The student news site of Trinity Preparatory School

The Trinity Voice

The student news site of Trinity Preparatory School

The Trinity Voice

Child Labor Laws Loosened

Potential law will cause rippling effects for working teenagers

   In September, House Republican Rep. Linda Chaney proposed a new bill to the State Legislature that takes aim at Florida’s child labor laws. The bill, titled HB-49, would remove all restrictions on the number of hours 16 and 17-year-olds can work, as well as allow them to work overnight shifts on school nights or work during school hours for the first time since 1913.  Additionally, several restrictions that currently apply to those 17 years of age or younger would be lowered to 15 years of age or younger, allowing minors over the age of 15 to work seven days a week and for longer than four continuous hours without a break.

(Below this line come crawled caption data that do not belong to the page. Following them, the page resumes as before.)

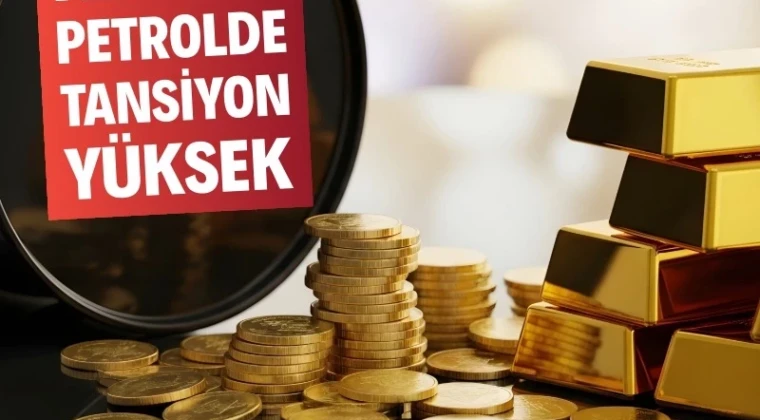 Altın ve petrol piyasalarında tansiyon yüksek ABD-İran gerilimi ve ABD’nin tarife belirsizliği, geçen hafta altın, petrol ve değerli metallerde hareketliliği artırdı. Yatırımcılar güvenli liman varlıklara yöneldi. Gelecek hafta, yatırımcılar ABD-İran çatışmalarının seyrini, diplomatik gelişmeleri ve Hürmüz Boğazı’ndaki sevkiyat akışını yakından takip edecek.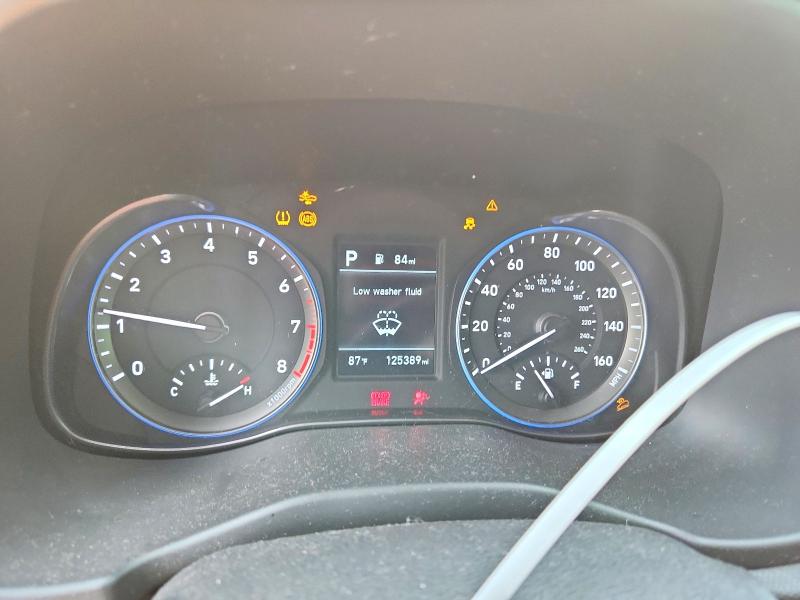 2021 Hyundai Kona მანქანა იყიდება აუქციონზე, vin: KM8K12AA5MU663566, აუქციონის ნომერი: 59166716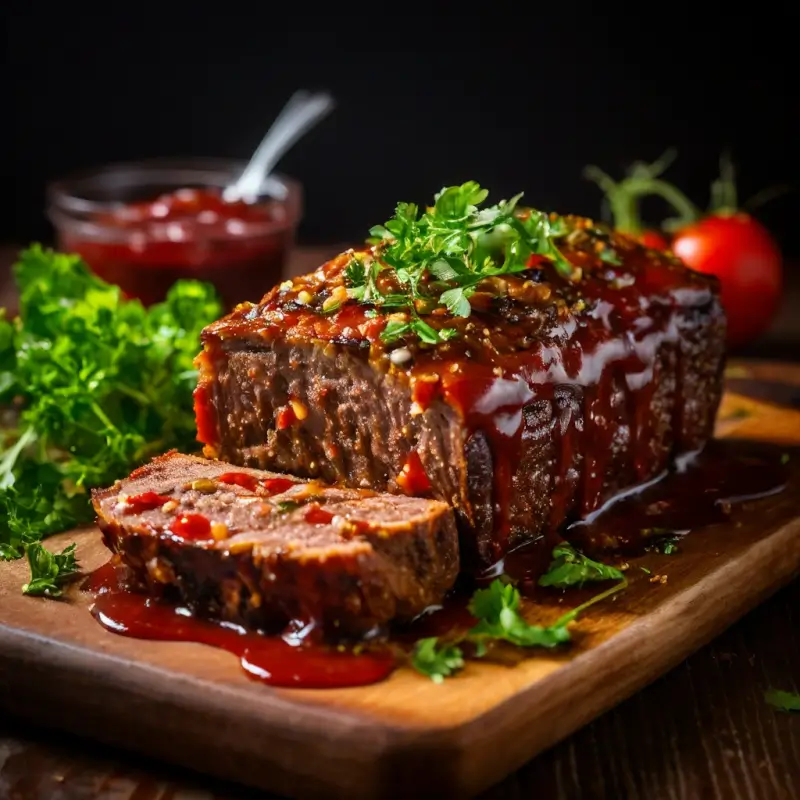 What Ingredient Keeps Meatloaf from Falling Apart?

   In addition to getting rid of crucial guarantees for teen workers, the bill also introduces vague language that puts the enforceability of certain restrictions for those under 15 into question. Currently, Florida’s child labor laws have several regulations stating that minors 15 years of age or younger “shall not” be made to work overnight shifts, work for more than 15 hours per week during the school year or more than three hours per day on school days. However, HB-49 changes this to “may not” as opposed to “shall not.” This ambiguous language could leave the bill up to legal interpretation, and it opens up the possibility of these regulations being deemed optional in court. 

   The bill goes a step further by banning local municipalities from regulating the presence of minors in the workplace. This would mean that local governments would not have the power to override the state’s deregulation of child labor with its own laws, further taking away local autonomy from an increasingly restrictive state government. 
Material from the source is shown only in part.